=== Section Start ===

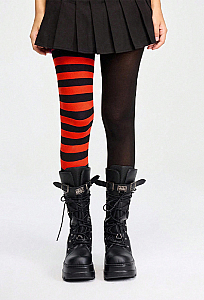 Halloween Gothic Asymmetrical Half and Half Tights Dark Punk Solid and Striped Mismatched Pantyhose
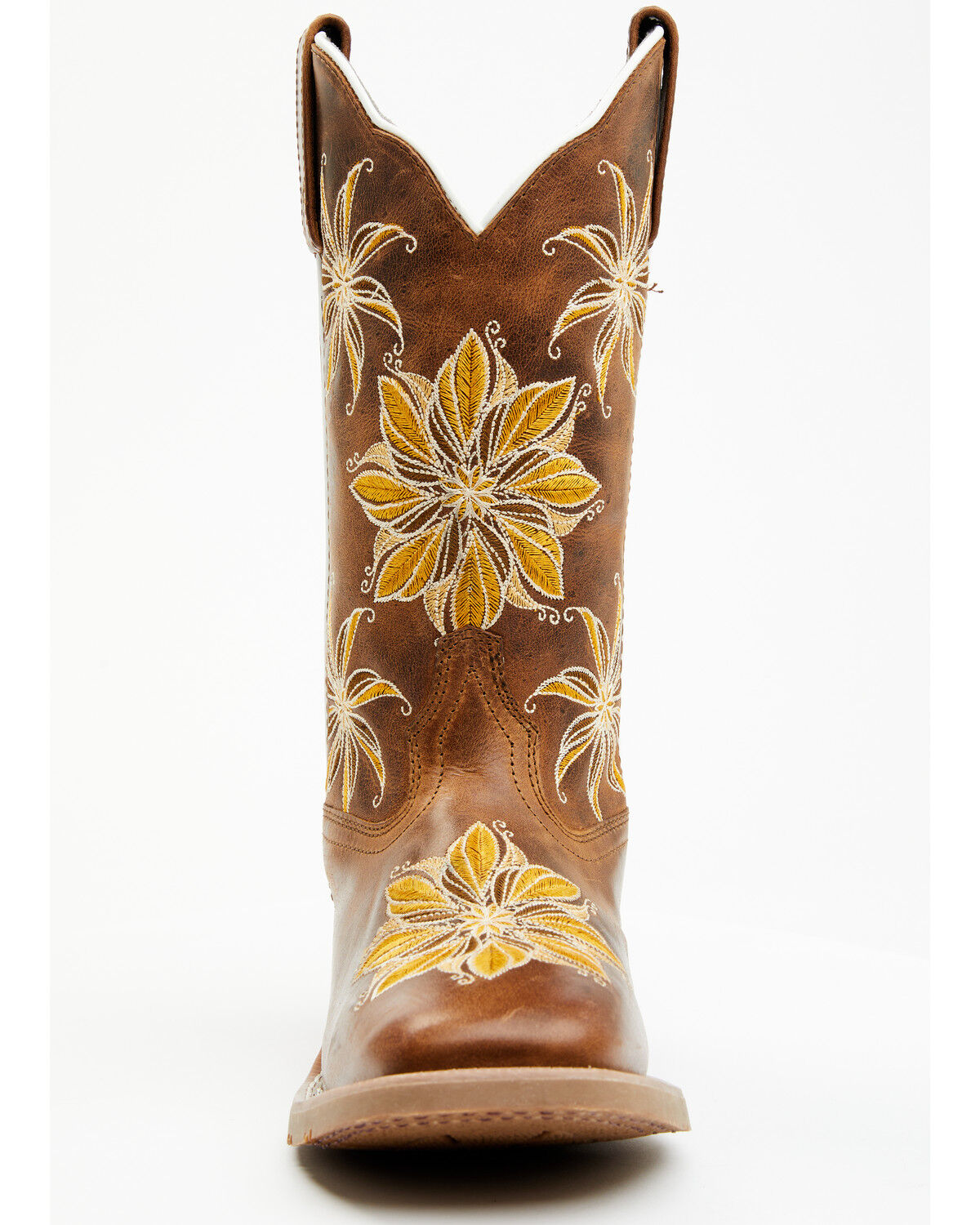 Image #4 - Laredo Women's Melrose Floral Western Boots - Broad Square Toe, Tan, hi-res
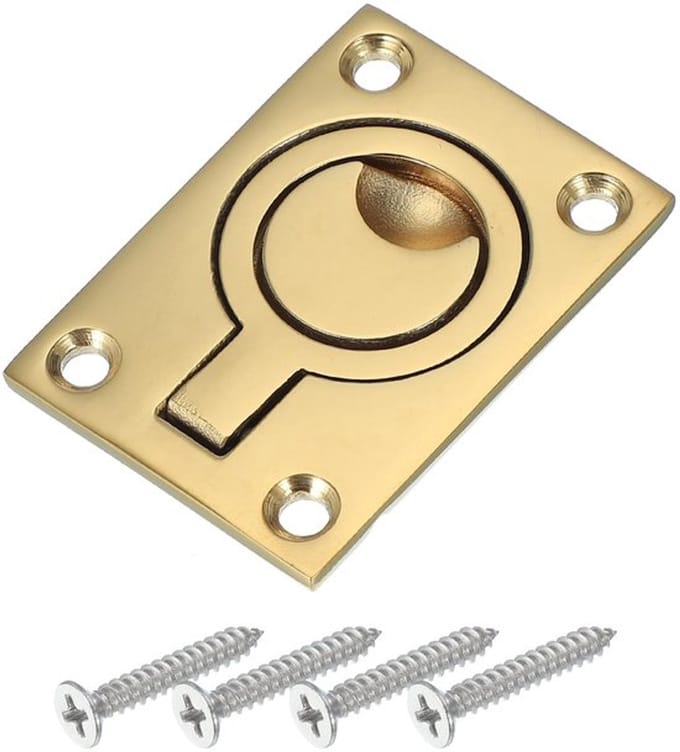 Flush Pull Ring Handle 2-1/2"-1-3/4" 316 RVS Vierkante Recessed Deuropener Gouden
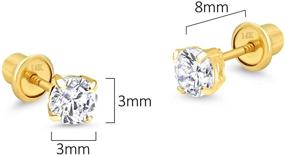 img 3 attached to 💛 Girls' Jewelry - Yellow Zirconia Solitaire Children Earrings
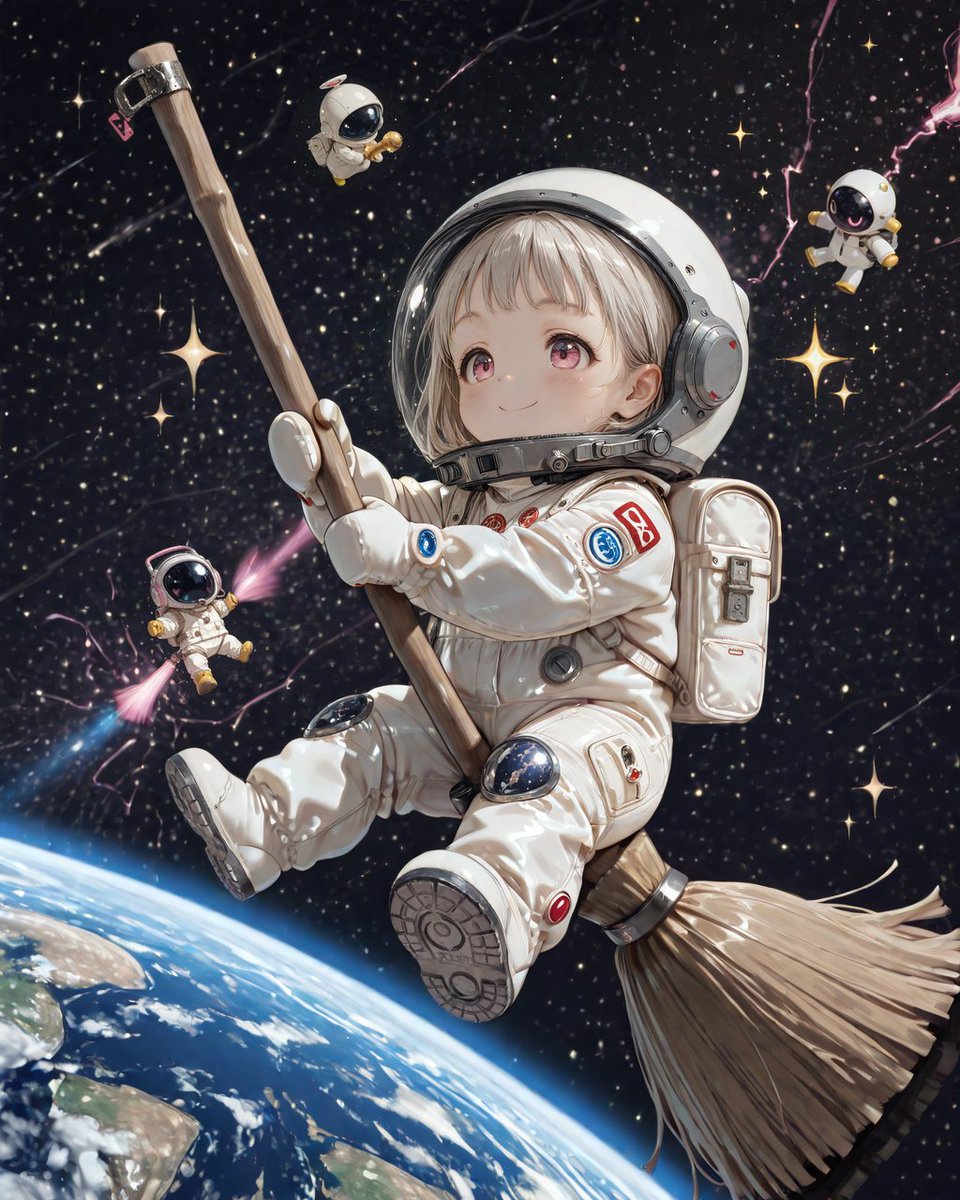 NUEnoSORA's tweet image. とおいよ とおい とおい とおくまで いきすぎ～
ちきゅう に いないじゃん
どんだけ すごい ほうき なの
いろいろと つっこみたい ところだけど
どこまで いくの？
宇宙服 魔法のほうき
#AIイラスト #AIart #AIillustration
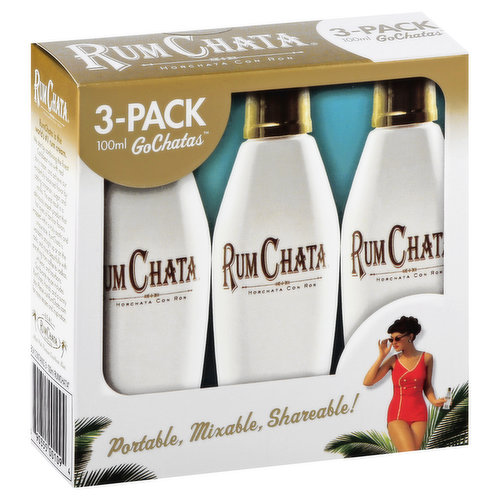 RumChata GoChatas Caribbean Rum, with Real Dairy Cream, 3-Pack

=== Section End ===

■ What you have to do ■
What you return must match, character for character, the lines above from the one with "img 3 attached" through the one with "#AIイラスト #AIart #AIillustration", minus any pictures.

■ Response below ■
 img 3 attached to 💛 Girls' Jewelry - Yellow Zirconia Solitaire Children Earrings
 NUEnoSORA's tweet image. とおいよ とおい とおい とおくまで いきすぎ～
ちきゅう に いないじゃん
どんだけ すごい ほうき なの
いろいろと つっこみたい ところだけど
どこまで いくの？
宇宙服 魔法のほうき
#AIイラスト #AIart #AIillustration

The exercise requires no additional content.